In the listing beneath this line, copy exactly the lines starting with the one containing "北京郵電大學(xué)世紀學(xué)院－2024年招生簡章（圖片版）" and going on through the one containing "Moedas de Cobre Antigas".

■ AVAILABLE DATA
⁂

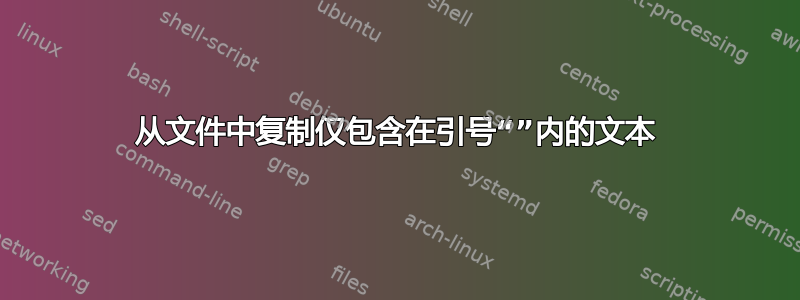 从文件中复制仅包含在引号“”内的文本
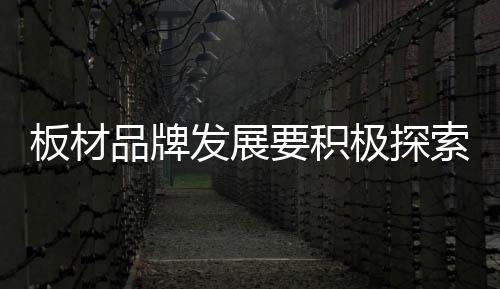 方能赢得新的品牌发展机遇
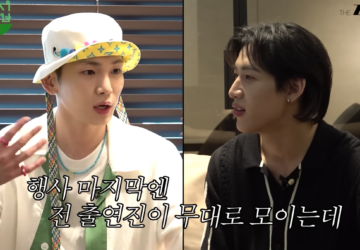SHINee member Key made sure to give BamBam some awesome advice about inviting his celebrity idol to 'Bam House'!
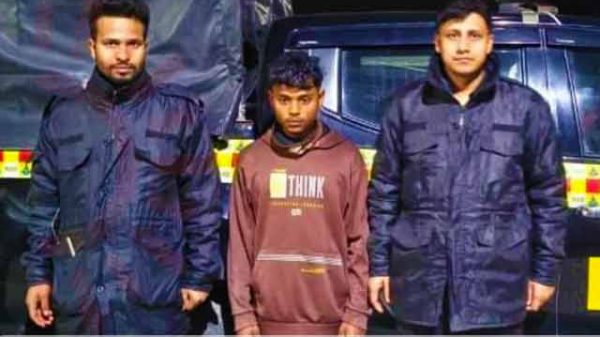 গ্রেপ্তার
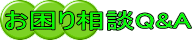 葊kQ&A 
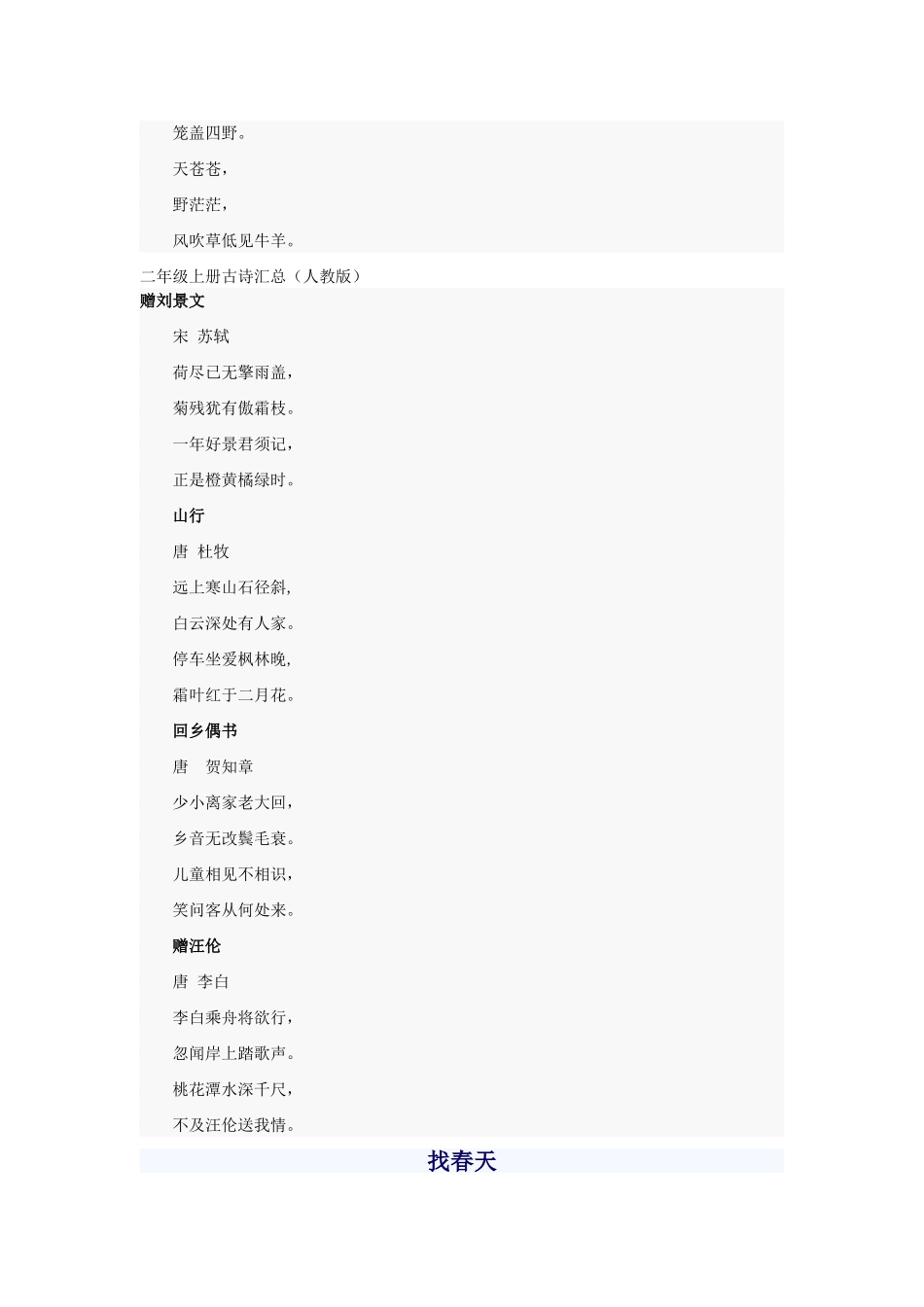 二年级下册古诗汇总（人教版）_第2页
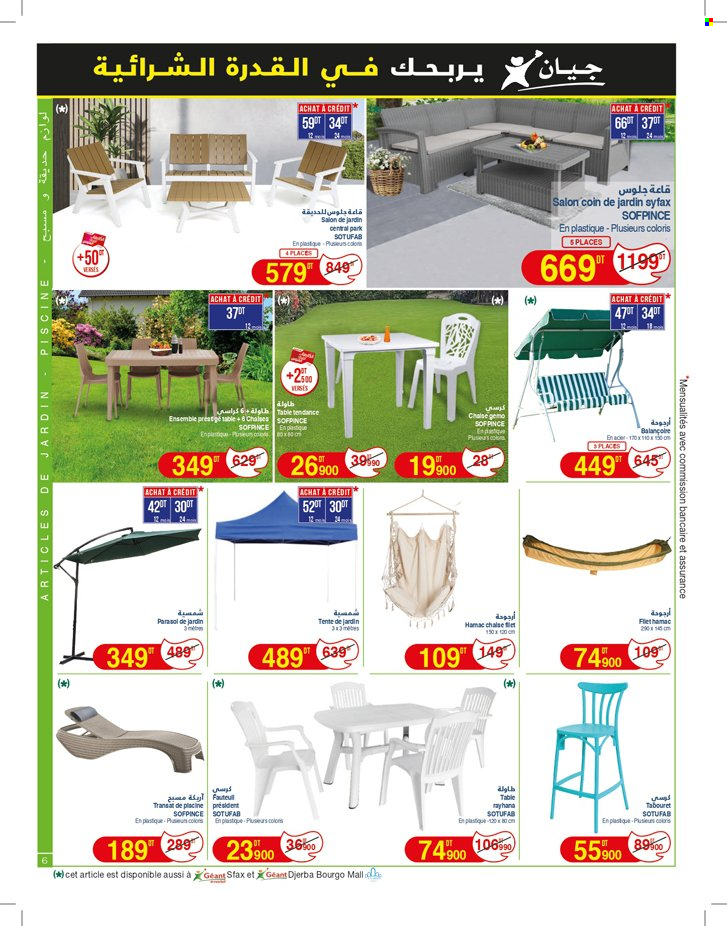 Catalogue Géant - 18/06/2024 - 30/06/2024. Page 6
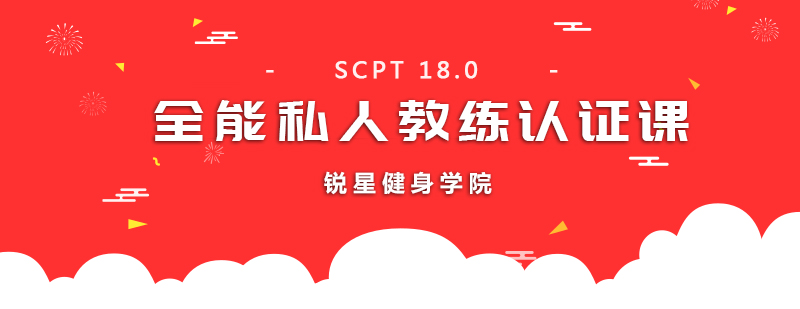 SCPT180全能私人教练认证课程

⁂

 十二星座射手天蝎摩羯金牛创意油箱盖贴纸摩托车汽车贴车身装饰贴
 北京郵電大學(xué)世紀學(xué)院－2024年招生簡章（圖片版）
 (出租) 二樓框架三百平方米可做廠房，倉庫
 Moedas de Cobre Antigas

⁂

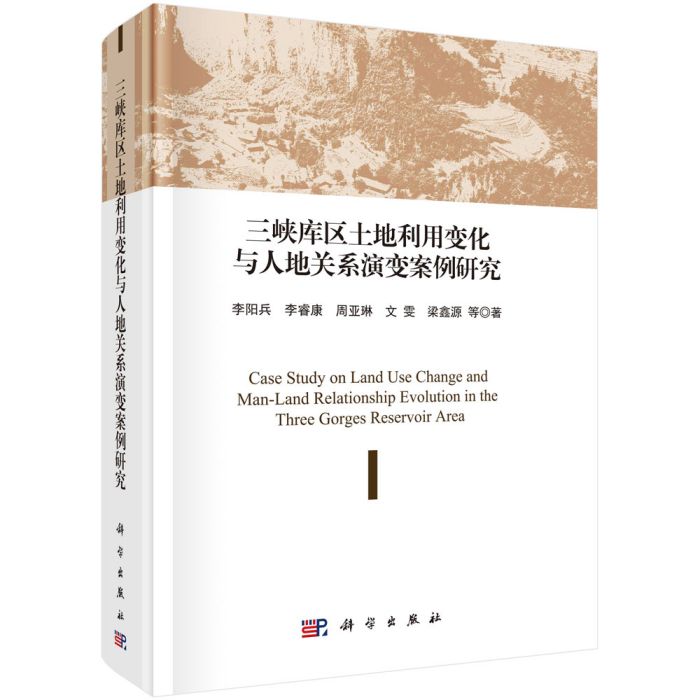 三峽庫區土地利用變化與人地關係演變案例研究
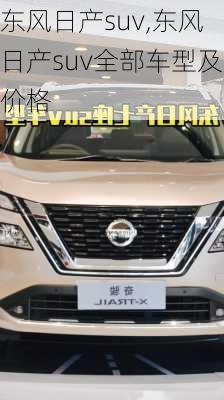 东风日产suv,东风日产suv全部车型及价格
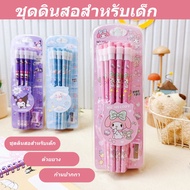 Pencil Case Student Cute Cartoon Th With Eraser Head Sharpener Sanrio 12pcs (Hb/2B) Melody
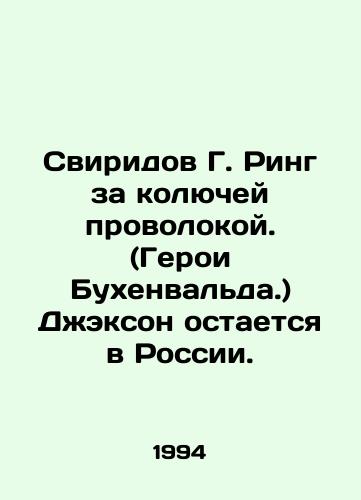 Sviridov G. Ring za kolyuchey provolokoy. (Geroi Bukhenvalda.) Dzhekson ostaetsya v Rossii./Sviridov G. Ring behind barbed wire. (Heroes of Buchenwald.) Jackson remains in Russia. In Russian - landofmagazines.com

⁂

■ YOUR RESPONSE
 北京郵電大學(xué)世紀學(xué)院－2024年招生簡章（圖片版）
 (出租) 二樓框架三百平方米可做廠房，倉庫
 Moedas de Cobre Antigas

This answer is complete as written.